▸ **Exercise**
Set down exactly the stretch of lines below that opens at the line containing "نخل مثمر للبيع مع الغرس بالموقع 0" and continues through the last line of the entries, and nothing else.

§ §

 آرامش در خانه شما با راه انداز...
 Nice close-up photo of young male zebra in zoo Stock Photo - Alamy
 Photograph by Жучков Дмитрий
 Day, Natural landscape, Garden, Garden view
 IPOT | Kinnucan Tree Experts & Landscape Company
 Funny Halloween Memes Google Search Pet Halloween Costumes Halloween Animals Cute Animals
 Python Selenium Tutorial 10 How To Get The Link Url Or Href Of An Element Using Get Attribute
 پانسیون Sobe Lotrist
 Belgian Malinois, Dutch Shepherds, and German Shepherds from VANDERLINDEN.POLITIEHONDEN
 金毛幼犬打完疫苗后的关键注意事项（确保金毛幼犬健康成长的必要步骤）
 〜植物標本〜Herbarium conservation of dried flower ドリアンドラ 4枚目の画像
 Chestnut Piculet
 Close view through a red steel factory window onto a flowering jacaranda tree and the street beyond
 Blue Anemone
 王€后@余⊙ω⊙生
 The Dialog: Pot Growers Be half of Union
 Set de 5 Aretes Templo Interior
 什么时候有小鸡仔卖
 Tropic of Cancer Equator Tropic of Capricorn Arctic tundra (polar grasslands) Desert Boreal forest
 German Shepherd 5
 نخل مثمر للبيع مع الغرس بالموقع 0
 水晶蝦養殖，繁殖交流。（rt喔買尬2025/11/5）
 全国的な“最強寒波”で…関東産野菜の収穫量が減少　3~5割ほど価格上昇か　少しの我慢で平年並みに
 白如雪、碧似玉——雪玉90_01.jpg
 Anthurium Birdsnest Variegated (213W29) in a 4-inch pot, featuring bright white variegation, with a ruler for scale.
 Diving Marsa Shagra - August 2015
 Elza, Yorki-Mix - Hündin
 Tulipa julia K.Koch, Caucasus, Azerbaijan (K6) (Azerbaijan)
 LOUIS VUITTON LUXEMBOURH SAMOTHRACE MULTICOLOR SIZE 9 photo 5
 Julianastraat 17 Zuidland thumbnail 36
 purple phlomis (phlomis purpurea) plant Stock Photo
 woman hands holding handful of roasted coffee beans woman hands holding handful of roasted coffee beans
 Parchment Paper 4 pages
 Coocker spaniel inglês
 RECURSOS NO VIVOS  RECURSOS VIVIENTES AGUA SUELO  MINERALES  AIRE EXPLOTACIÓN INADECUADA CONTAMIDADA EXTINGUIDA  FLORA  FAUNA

§ §

▸ **The completed task**
 نخل مثمر للبيع مع الغرس بالموقع 0
 水晶蝦養殖，繁殖交流。（rt喔買尬2025/11/5）
 全国的な“最強寒波”で…関東産野菜の収穫量が減少　3~5割ほど価格上昇か　少しの我慢で平年並みに
 白如雪、碧似玉——雪玉90_01.jpg
 Anthurium Birdsnest Variegated (213W29) in a 4-inch pot, featuring bright white variegation, with a ruler for scale.
 Diving Marsa Shagra - August 2015
 Elza, Yorki-Mix - Hündin
 Tulipa julia K.Koch, Caucasus, Azerbaijan (K6) (Azerbaijan)
 LOUIS VUITTON LUXEMBOURH SAMOTHRACE MULTICOLOR SIZE 9 photo 5
 Julianastraat 17 Zuidland thumbnail 36
 purple phlomis (phlomis purpurea) plant Stock Photo
 woman hands holding handful of roasted coffee beans woman hands holding handful of roasted coffee beans
 Parchment Paper 4 pages
 Coocker spaniel inglês
 RECURSOS NO VIVOS  RECURSOS VIVIENTES AGUA SUELO  MINERALES  AIRE EXPLOTACIÓN INADECUADA CONTAMIDADA EXTINGUIDA  FLORA  FAUNA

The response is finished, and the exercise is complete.